In conclusione, il ricorso principale deve essere accolto nei limiti di cui sopra, mentre deve essere rigettato il ricorso incidentale.

La sentenza deve essere cassata in relazione al ricorso principale e la causa deve essere rinviata, per nuovo esame, alla Corte d’appello di Salerno in diversa composizione, che provvederà anche alla liquidazione delle spese del presente giudizio di legittimità.
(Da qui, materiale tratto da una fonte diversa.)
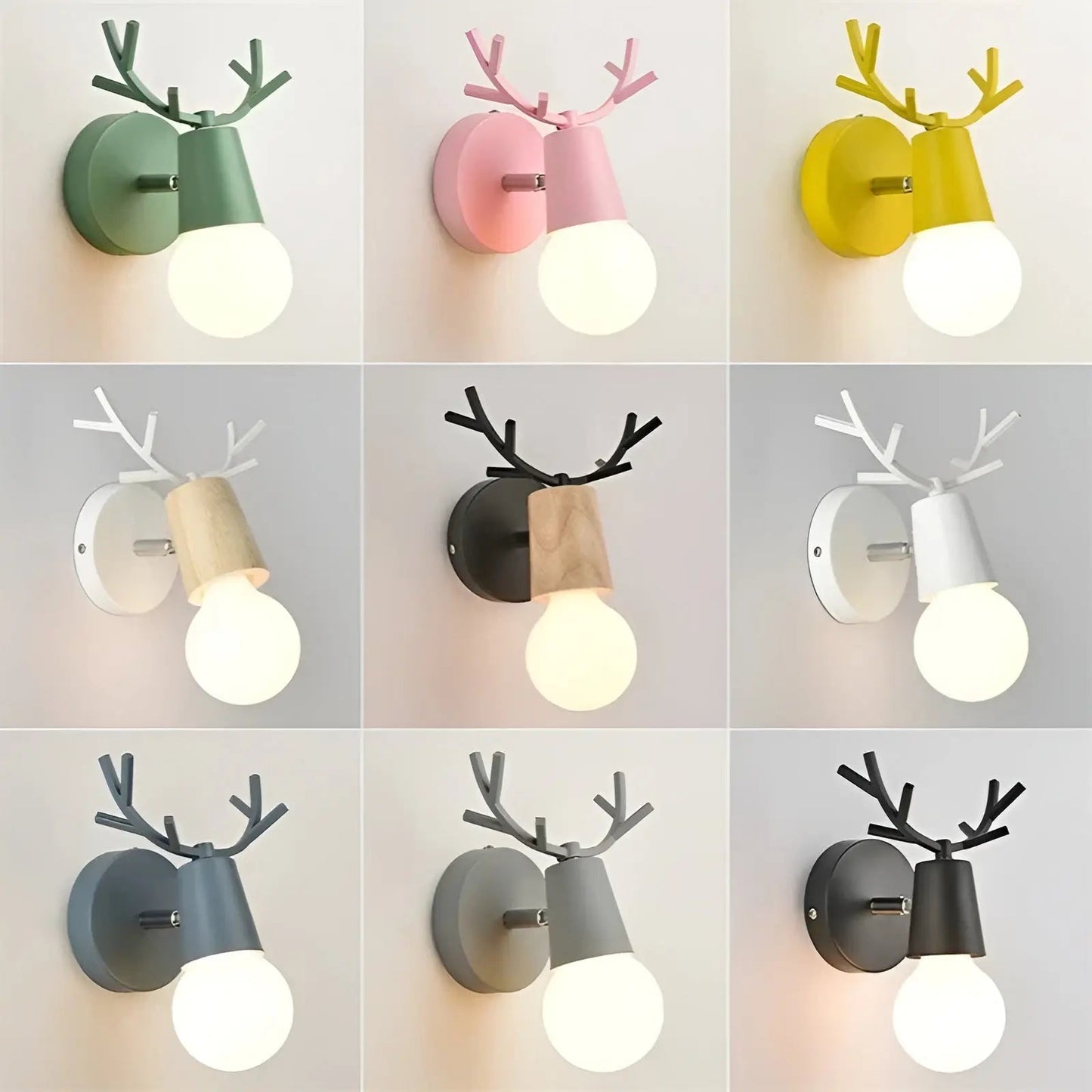 Nordic Glow Gewei LED Wandlamp – Elegant & Energiezuinig Design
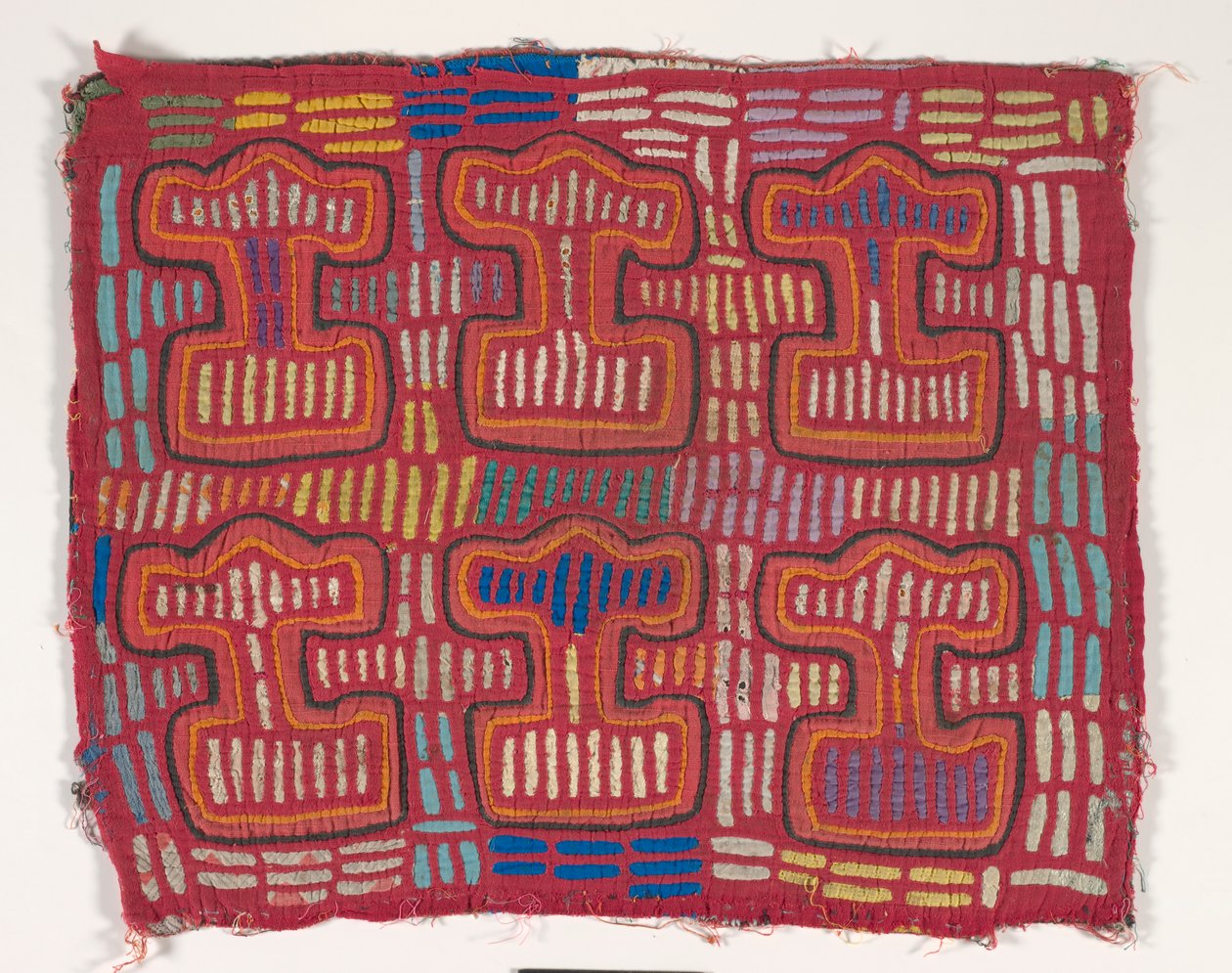 Gömlek paneli (mola) (aplikeli pamuklu) by Kuna Indian Culture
Ci sono le condizioni per dare atto D.P.R. n. 115 del 2002 ex art. 13, comma 1-quater, della “sussistenza dei presupposti processuali per il versamento, da parte della ricorrente incidentale, di un ulteriore importo a titolo di contributo unificato, pari a quello previsto per il ricorso a norma dello stesso art. 13, comma 1-bis, se dovuto”.

P.Q.M.

accoglie, nei limiti di cui in motivazione, il ricorso principale di M.M.; rigetta il ricorso incidentale di R.I.A.; cassa la sentenza in relazione alla censura accolta del ricorso principale; rinvia la causa alla Corte d’appello di Salerno in diversa composizione anche per le spese; ai sensi del D.P.R. n. 115 del 2002, art. 13, comma 1 quater, dà atto della sussistenza dei presupposti processuali per il versamento, da parte della ricorrente incidentale, di un ulteriore importo a titolo di contributo unificato, pari a quello previsto per il ricorso a norma dello stesso art. 13, comma 1-bis, se dovuto.

Così deciso in Roma, nella Camera di Consiglio della 6 – 2 Sezione civile della Corte suprema di cassazione, il 24 giugno 2021.